Lantas, bagaimana seyogianya kita menyikapi kritik dan pujian yang datang pada kita? Adakah jalan terbaik?

Menghadapi Kritik

Pertama, dalam menghadapi kritik tetaplah tenang dan sabar. Ingatlah, manusia tidak pernah luput dari kritik : terkadang kritik secara halus, terkadang kritik yang vulgar dan bahkan kasar.

Menghadapi kritik, kita cenderung marah, panas hati, bahkan mendidih! Kita tidak terima kritik yang melukai harga diri kita sebagai individu.

Tetapi, sebentar dulu. Sebelum mengekspresikan sikap seperti itu, sebaiknya kita tarik nafas yang dalam minimal 3 kali. Tarik melalui hidung dan hembuskan dari mulut. Tarik dan hembuskan, demikian seterusnya sebanyak tiga kali.

Pengaturan nafas ini akan membuat kita sedikit lebih tenang, lebih stabil, sekaligus bisa meredam rasa marah yang sempat mencuat begitu membaca atau mendengar sebuah kritik. Dibutuhkan waktu beberapa saat untuk menenangkan diri sebelum menanggapi sebuah kritik.

Kedua, analisis kritik tersebut secara cermat dan rasional. Hindari prasangka buruk terhadap kritik. Cobalah cermati kritik tersebut dengan sebaik-baiknya. Tanyakan kepada diri sendiri, apakah kritik tersebut mengada-ada atau dibuat-buat oleh si pengkritik? Jika demikian, abaikan saja. Tetapi, kalau sudah menyangkut pencemaran nama baik karena disampaikan di media sosial, misalnya, bisa saja dilaporkan kepada yang berwajib. Up to you!

Yang paling mudah dilakukan adalah mengabaikan kritik yang tanpa dasar itu serta mengurangi bergaul atau berkomunikasi dengan orang semacam itu.

Ketiga, perhatikan pula adakah kebenaran yang dikemukakan oleh si pengkritik? Jika ada yang benar, kita harus mensyukurinya karena itu artinya kita diingatkan dan yang bersangkutan peduli.

Jika memungkinkan, usahakan menyampaikan ucapan terima kasih kepada si pengkritik tersebut. Jangan segan-segan melakukannya.

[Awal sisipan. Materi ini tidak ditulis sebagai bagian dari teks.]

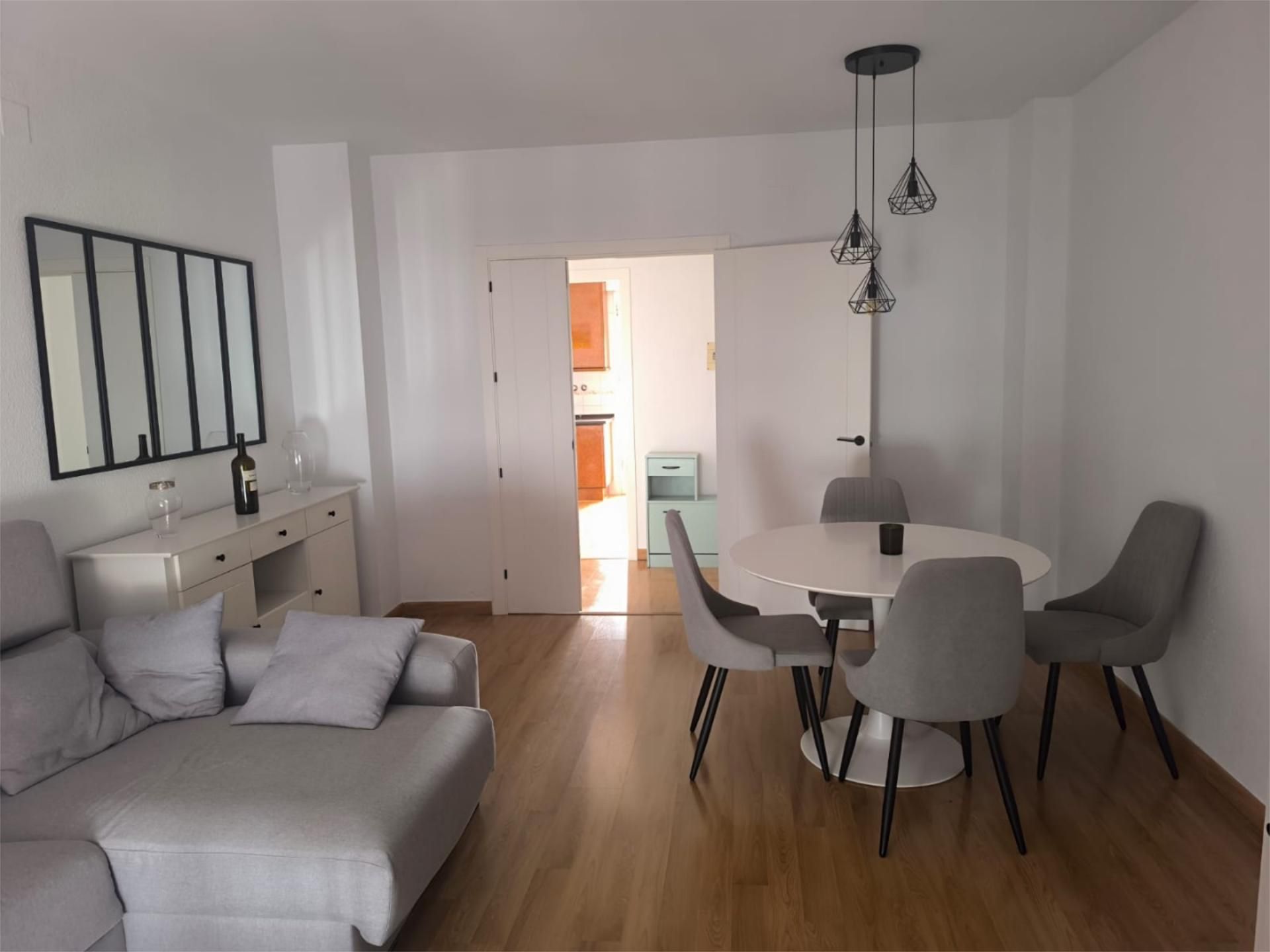 Living room of Flat to share in La Rinconada  with Air Conditioner, Heating and Parquet flooring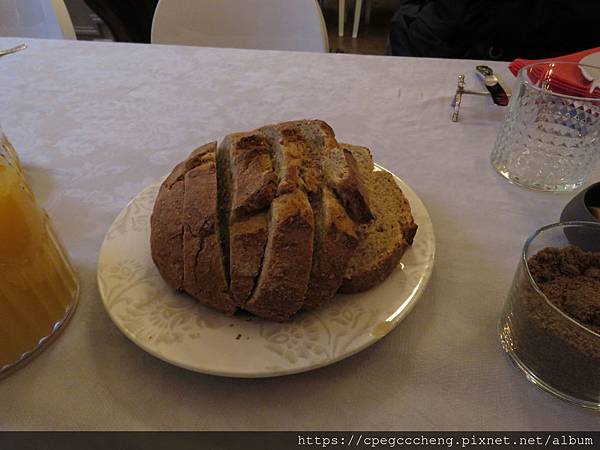 IMG_3552.JPG IMG_3552.JPG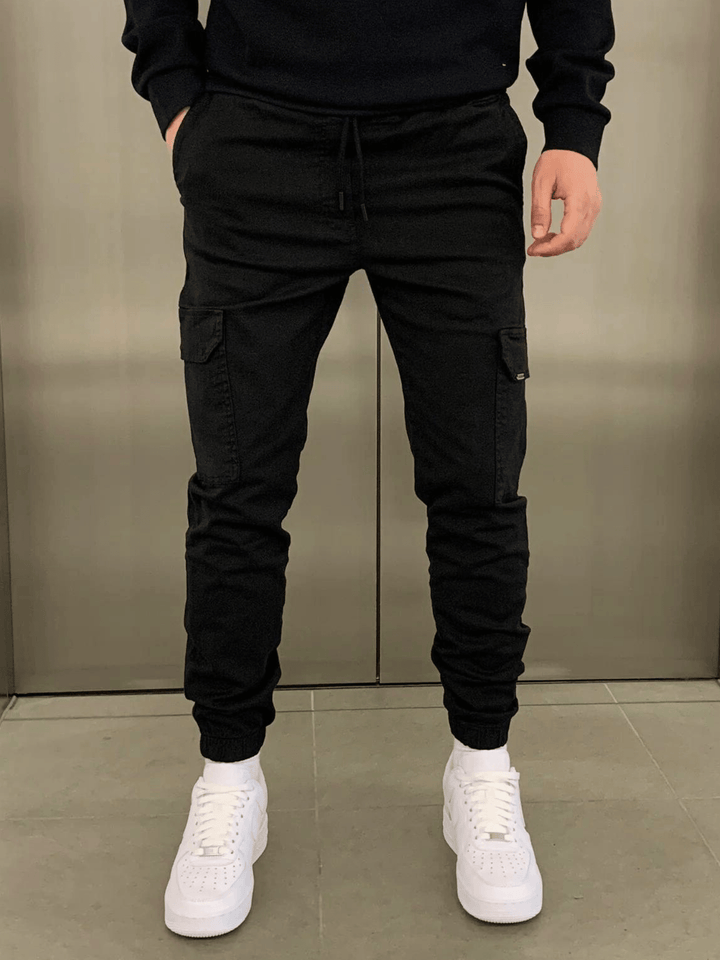 Pantalon jogger cargo homme ajusté, style urbain moderne pour tenue quotidienne confortable et décontractée.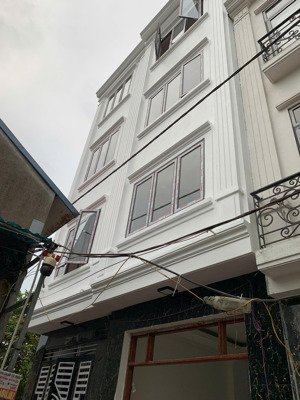 bán nr 36m2 tại cự khê, 3,6 tỷ, 3pn, 3wc, 4 tầng, mặt tiền 3.3m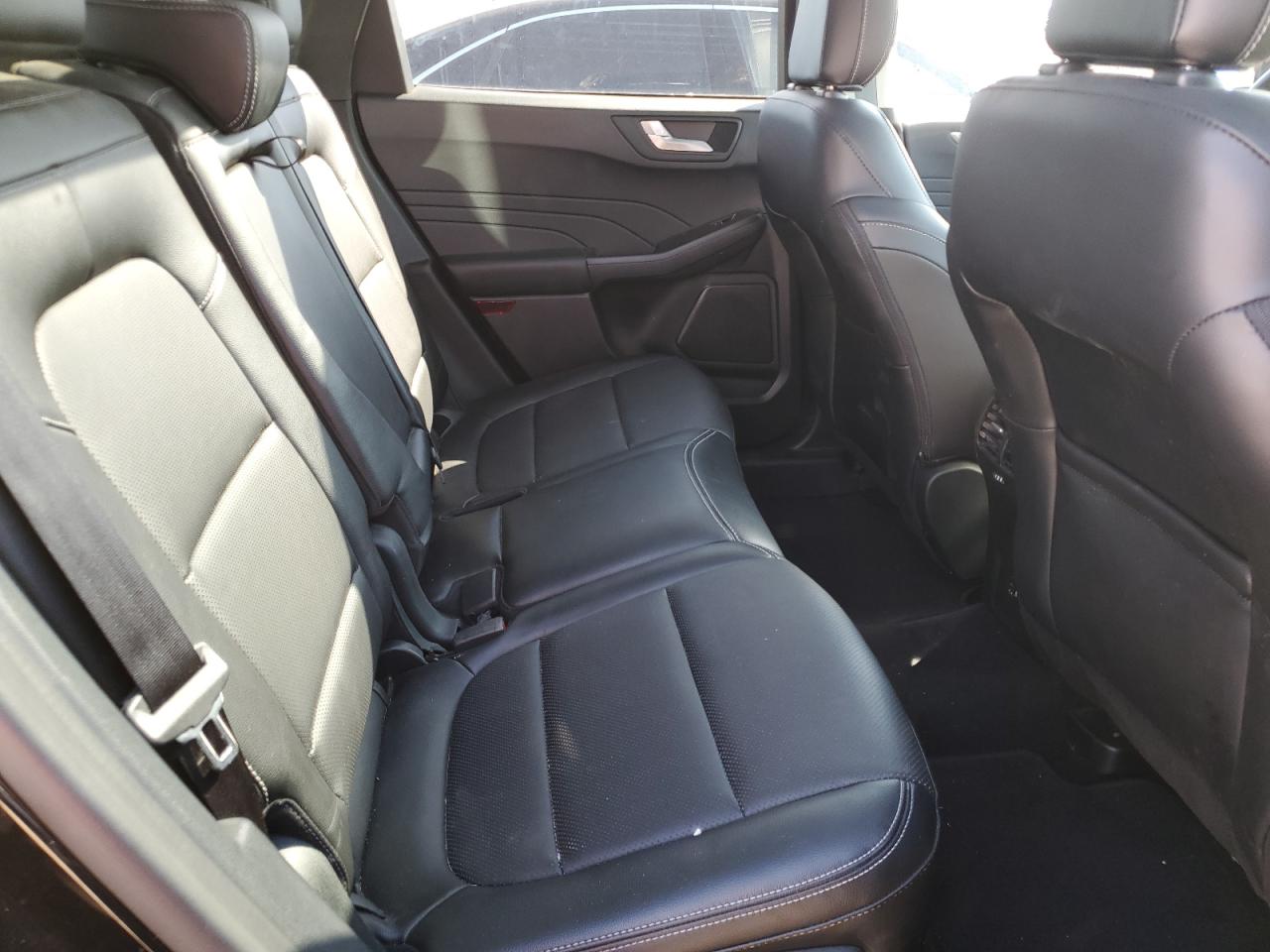 2022 Ford Escape Titanium VIN: 1FMCU9DZ8NUB01247 Lot: 59704944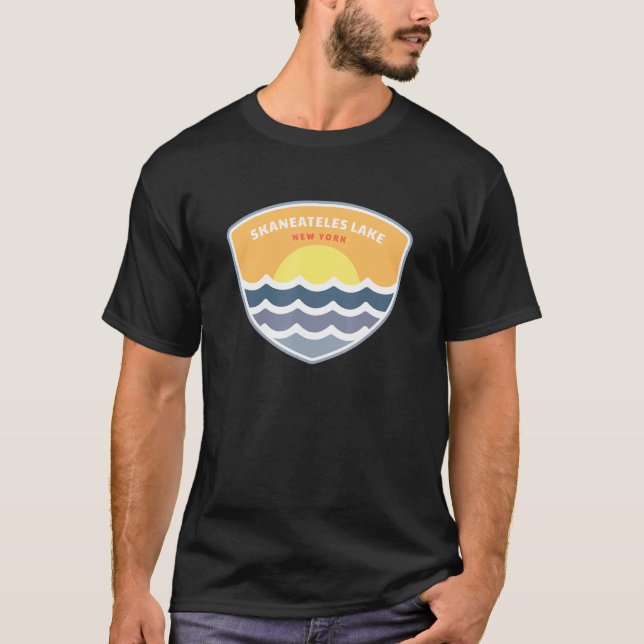Camiseta Souble de vacaciones NY Sunset en el lago Skaneate (Anverso)
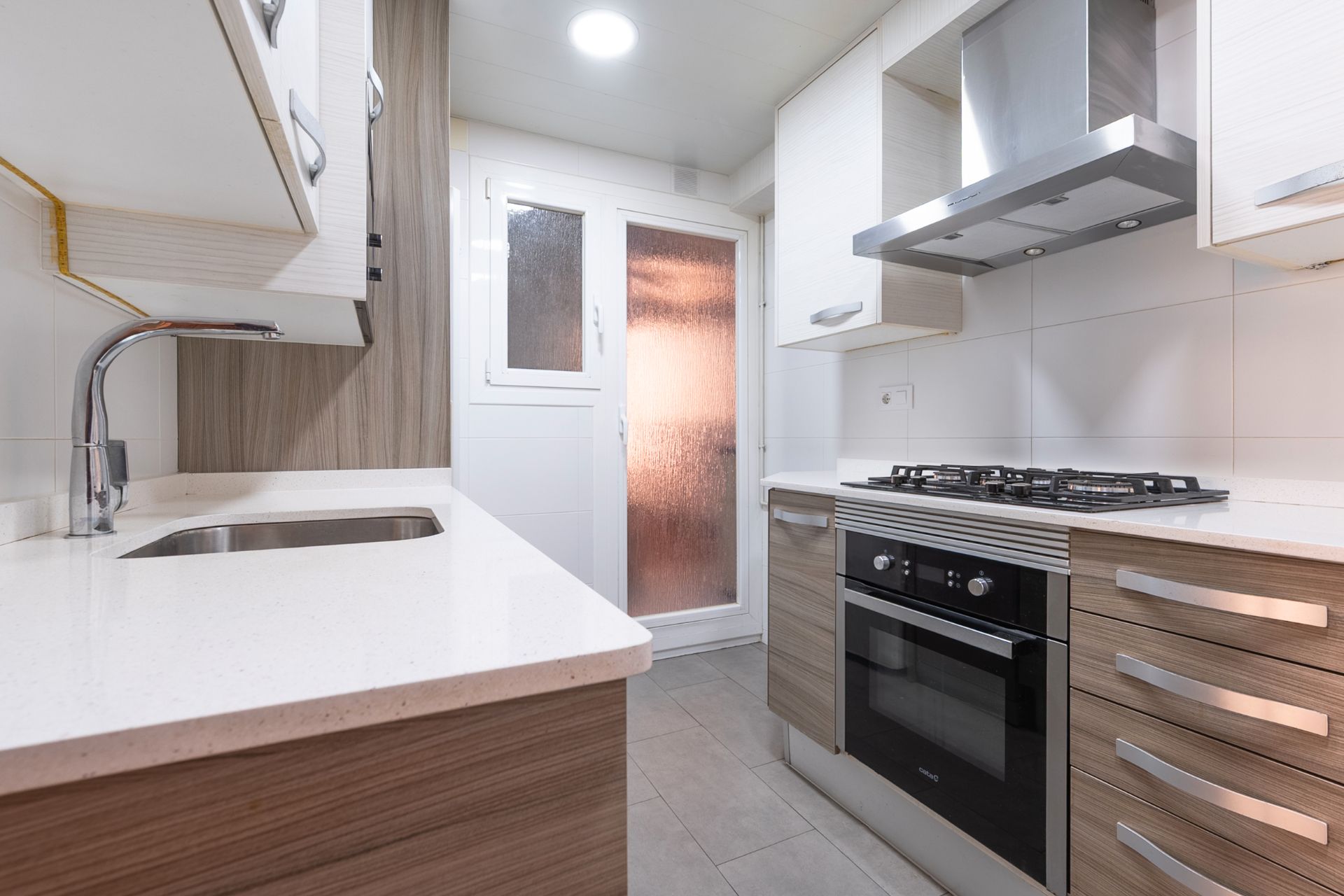 Kitchen of Flat for sale in  Barcelona Capital  with Heating, Terrace and Oven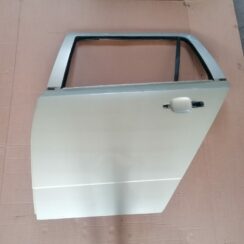 Aizmugurējās kreisās durvis priekš OPEL ASTRA H 2005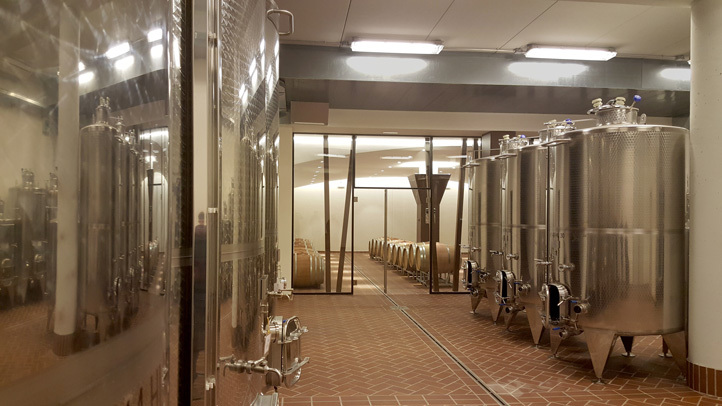 家族经营的酒庄,传统与现代的完美结合-20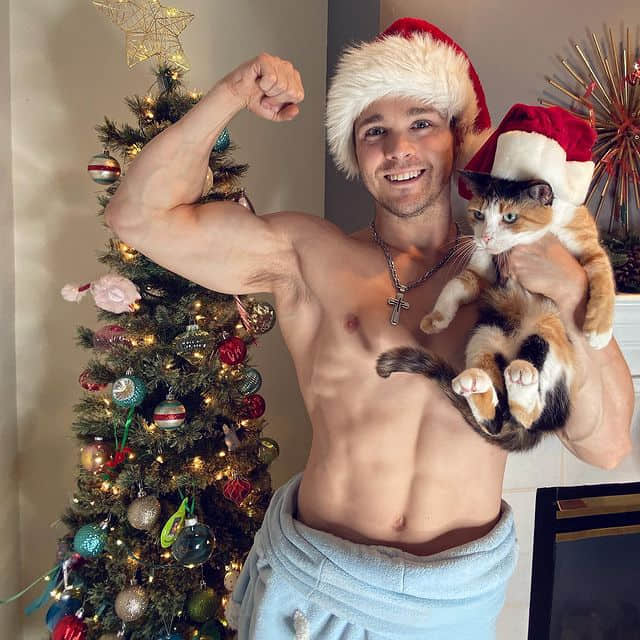 周一品肌肉｜和重训与超萌猫猫过着幸福人生的美国巨巨帅哥：Cody Messner-NICEOLO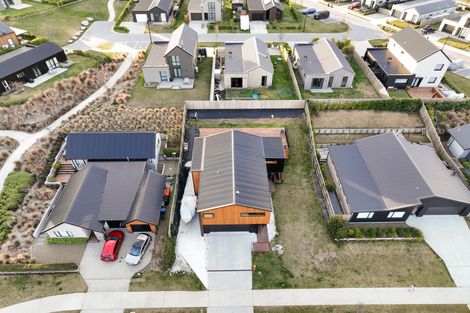 Photo of property in 41 Mount Linton Avenue, Wanaka, 9305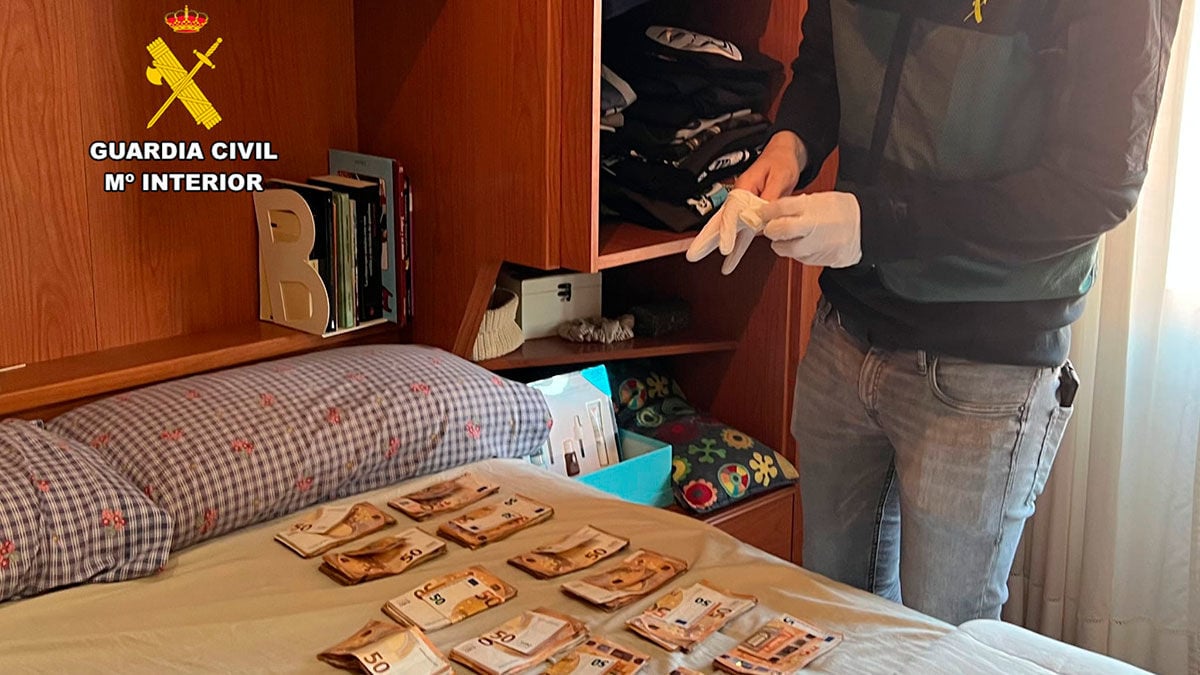 Dinero en efectivo en uno de los domicilios. Foto: Guardia Civil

Dalam melihat isi kritik, yang paling penting adalah menemukan kebenarannya. Apakah yang kita lakukan salah atau benar? Kejujuran terhadap diri sendiri sebagai penerima kritik sangatlah penting untuk pengakuan dan demi kebaikan ke depan. Jangan pernah takut mengakui kesalahan, kendati itu pahit.

Keempat, ambil hikmah dari kritik yang masuk demi keadaan yang lebih baik. Kitalah, secara individual, yang paling mengetahui diri sendiri, dan kita sendiri pula yang bisa memperbaiki dengan kesadaran sendiri.

Jadikan kritik sebagai tumpuan untuk perubahan diri, bukan sebagai dalih untuk membalas mengkritik secara membabi-buta.

 Menghadapi Pujian

Dibandingkan menerima kritik, menerima pujian jauh lebih mudah, bukan? Jauh lebih ringan, bahkan seringkali sangat menyenangkan.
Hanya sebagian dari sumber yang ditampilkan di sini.